• [AVAILABLE DATA]:
══════════

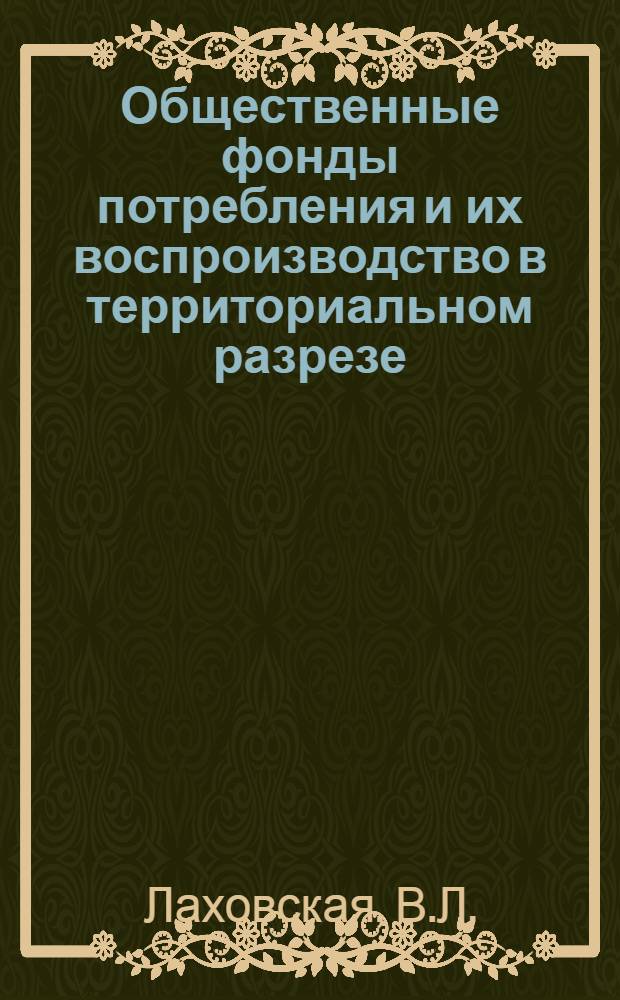 Общественные фонды потребления и их воспроизводство в территориальном разрезе : (На материалах УзССР) : Автореферат дис. на соискание учен. степени кандидата экон. наук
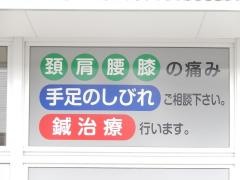 小澤整骨院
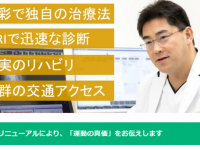 エメラルド整形外科疼痛クリニックのプレスリリース画像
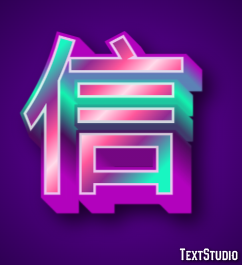 信 テキスト効果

══════════

• [WHAT IS NEEDED]: Once the pictures are set aside, repeat the data above exactly.

• [ANSWER FOR THIS EXERCISE]:
 Общественные фонды потребления и их воспроизводство в территориальном разрезе : (На материалах УзССР) : Автореферат дис. на соискание учен. степени кандидата экон. наук
 小澤整骨院
 エメラルド整形外科疼痛クリニックのプレスリリース画像
 信 テキスト効果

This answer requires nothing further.